Wednesday, January 31, 2024

A Clear and Present Danger: How Benjamin Netanyahu Threatens Peace in the Middle East and Global Stability

Itamar Ben-Giver, Benjamin Netanyahu and Bezalel Smotrich 

Four months after the brutal HAMAS attack on southern Israel, it is clear that Benjamin Netanyahu represents a serious threat to Middle East peace and potentially to global stability as well. The list of Netanyahu's political sins is a long one.  It begins with his lifelong effort to prevent the establishment of an independent Palestinian state living peacefully side-by-side with Israel. What are the implications if the current prime minister remains in office and the Israel-HAMAS war continues?

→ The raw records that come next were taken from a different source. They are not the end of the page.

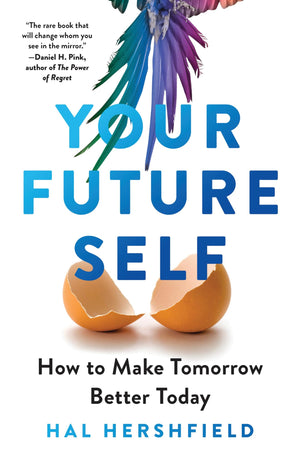 Your Future Self: How To Make Tomorrow Better Today,Used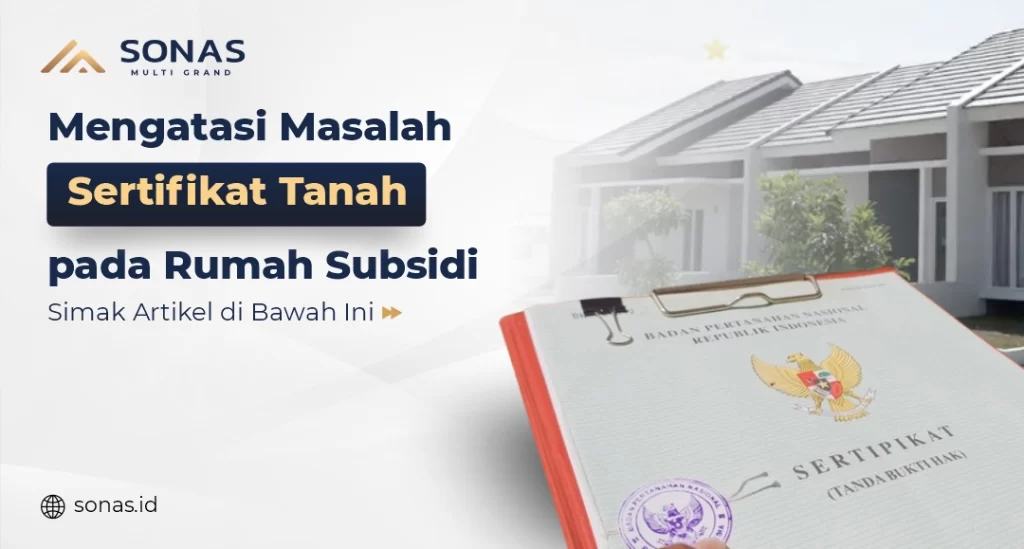 Sertifikat Tanah Rumah Subsidi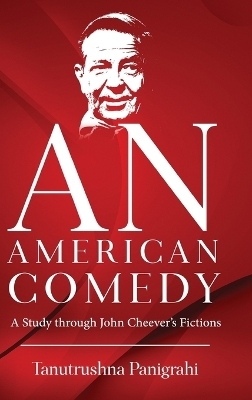 An American Comedy - A Study Through John Cheever's Fictions - Tanutrushna Panigrahi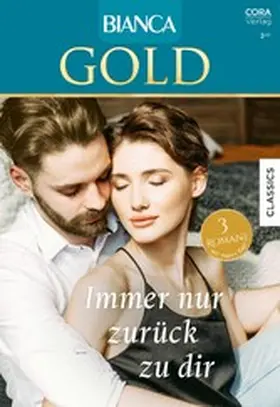 Pade / Whitney / Temte |  Bianca Gold Band 62 | eBook | Sack Fachmedien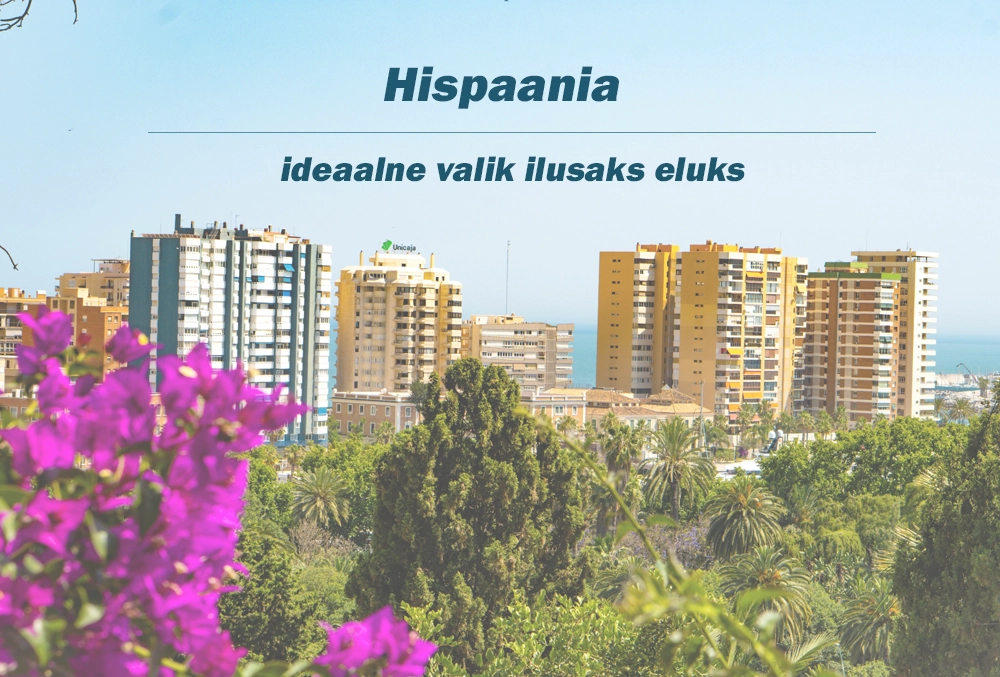 hispaania-ideaalne-valik-ilusaks-eluks kinnisvara omamine hispaanias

First, it has become clear that Netanyahu wants the current war to continue. He doesn't care about the over 100 Israeli hostages still held by HAMAS.  All that concerns him, as myriad political analysts have argued, is to keep his hold on power and avoid the playing out to the end of his current trial for political corruption. Netanyahu Puts Political Survival Ahead of Tough Decisions on Gaza

Second, it was Netanyahu who ignored numerous warnings from Mossad, Israel's main intelligence organization, and members of the Israeli Defense Forces (IDF), that HAMAS was planing an attack on Israel.  It has been noted that he refused to read a report on the terrorists' plan of attack in July 2023 when delivered to him by a high ranking military officer. 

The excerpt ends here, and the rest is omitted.